Didn't watch "Hemingway and Gellhorn" after all, after Mike Hale's pan in The New York Times convinced me that the HBO movie would be cliched and loaded with bad Hemingway dialogue. Sometime when I want to spend two and a half hours reliving the Hemingway myth, I'll probably watch it on On Demand.
In these days of shrinking print products and signs of cultural decline, small advances are worth celebrating.

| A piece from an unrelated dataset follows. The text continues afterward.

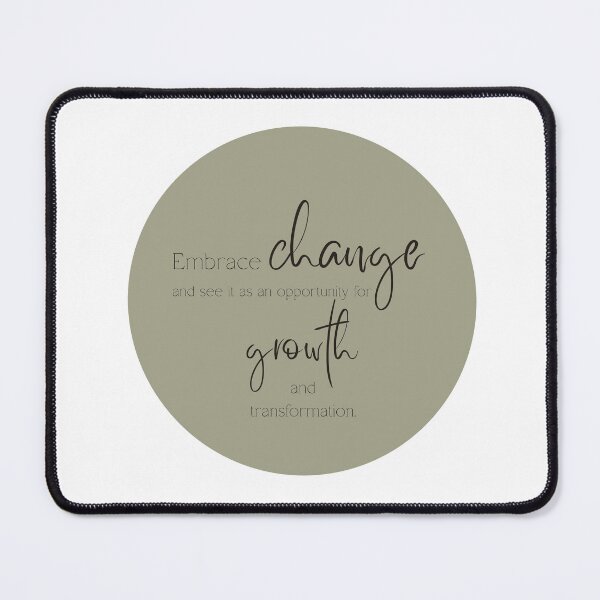 Item preview, Embrace change designed and sold by MyartStudioTB.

The London Review of Books has mysteriously shown up at the Barnes & Noble bookstand, and I spent several enjoyable hours on Memorial Day quaffing Guinness Stouts and reading the LBR, particularly Colm Toibin's educational and entertaining review of a new biography of Oscar Wilde's wife, Constance, and an annotated edition of Wilde's "The Portrait of Dorian Gray." Sad to say, before reading the review, I was unaware of Wilde's wife, or the two sons that he fathered with her.

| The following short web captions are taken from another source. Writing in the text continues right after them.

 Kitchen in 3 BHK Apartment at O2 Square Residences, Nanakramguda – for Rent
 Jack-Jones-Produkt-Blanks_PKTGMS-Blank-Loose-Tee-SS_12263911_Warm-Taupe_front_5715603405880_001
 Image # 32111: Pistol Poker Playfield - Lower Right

As with so many other previously little known women married to famous men, Constance appears an interesting woman, with an admirable, long-tested loyalty to Wilde. "Feminist" critics and historians continue to illuminate the lives of women who played signicant roles in their men's lives of greatness or notoriety. Not only are these women like Constance Wilde or Clover Adams, whose accomplishments don't match those of their husbands but whose lives are worth examining. They also include those such as Gellhorn, whose more substantial achievements were long underappreciated.
I hope the LBR remains for sale at the Barnes & Noble. A few months ago, the Times Literary Supplement made a similar appearance, then disappeared. When I asked a B&N employee, he claimed the TLS hadn't sold enough copies to remain. I hope the LBR makes the cut; the copy I bought recently was the last one, so perhaps it's selling.